Le ministre est monté au créneau. Accompagné du directeur du CCA, c’est au pas de course qu’il a sillonné, du 30 janvier au 1er février, les 3 régions productrices de l’Est : Indénié-Djuablin, Gontougo et Bounkani. Et 6 villes visitées : Agnibilékrou, Koun-Fao, Bouna, Assuéfry, Bondoukou et Tanda. L’objectif étant le même : sensibiliser les populations et les acteurs locaux de la filière anacarde sur l’interdiction d’exporter les noix brutes par les voies terrestres, conformément à l’article 10 du décret 2013-810 du 26 novembre 2013. Cette loi est complétée par l’ordonnance 2018-437 du 3 mai 2018 portant répression de la commercialisation et de l’exportation illicites des produits agricoles.
À chaque étape de la tournée, Kobenan Kouassi Adjoumani a sifflé la fin de la récréation en tenant un langage de fermeté. Non sans relever les sanctions encourues par les trafiquants. « Il y a une loi sous forme d’ordonnance qui a été prise. Elle dit que celui qui sera arrêté en train de faire du trafic d’anacarde sera mis en prison et sa cargaison va être vendue », a-t-il martelé. « Je suis venu vous parler. À partir d’aujourd’hui, faisons attention ! Il y a une loi qui est derrière nous », a insisté le ministre de l’Agriculture.
Du corps préfectoral aux forces de sécurité (gendarmes, policiers, douaniers, etc.) en passant par les populations, chacun a eu sa dose de vérité de l’envoyé du gouvernement. « Regardons tout ce que le président de la République accomplit dans notre région en termes de développement.

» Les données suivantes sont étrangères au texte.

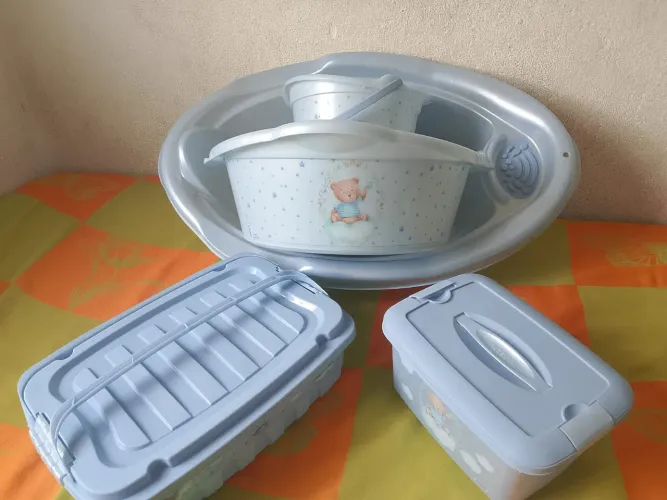 Kit Banheira de Bebê Completo Menino (Azul) - NOVO / NUNCA USADO ?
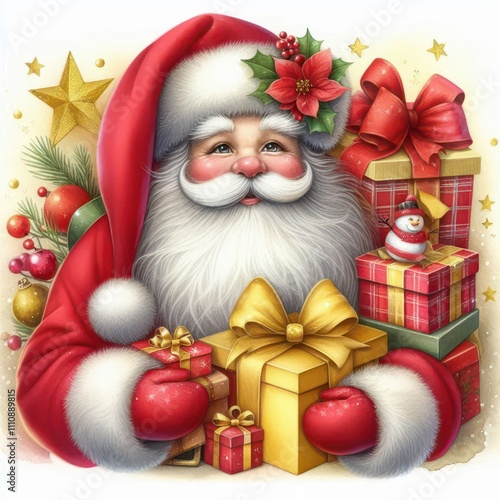 santa claus with christmas decoration content created with generative AI software.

Presque tous les villages sont électrifiés et d’autres grands projets sont prévus. Mais pour les réaliser, il faut de l’argent, alors que nous continuons d’acheminer frauduleusement nos produits vers le Ghana. Cela cause un gros manque à gagner aussi bien pour la région que pour l’économie ivoirienne. Je vous exhorte à abandonner cette pratique et le gouvernement fera sa part », a appelé le ministre, à Assuéfry, ville sise à quelques encablures du Ghana. « Cette année, ça sera tolérance zéro pour tous les acteurs », a renchéri le directeur général du Conseil du coton et de l’anacarde. Adama Coulibaly a exhorté au « patriotisme économique » de tous.
Dans les localités visitées, les producteurs ont exprimé leur souhait de voir à la hausse cette année le prix bord champ du kilogramme d’anacarde que ceux des années précédentes.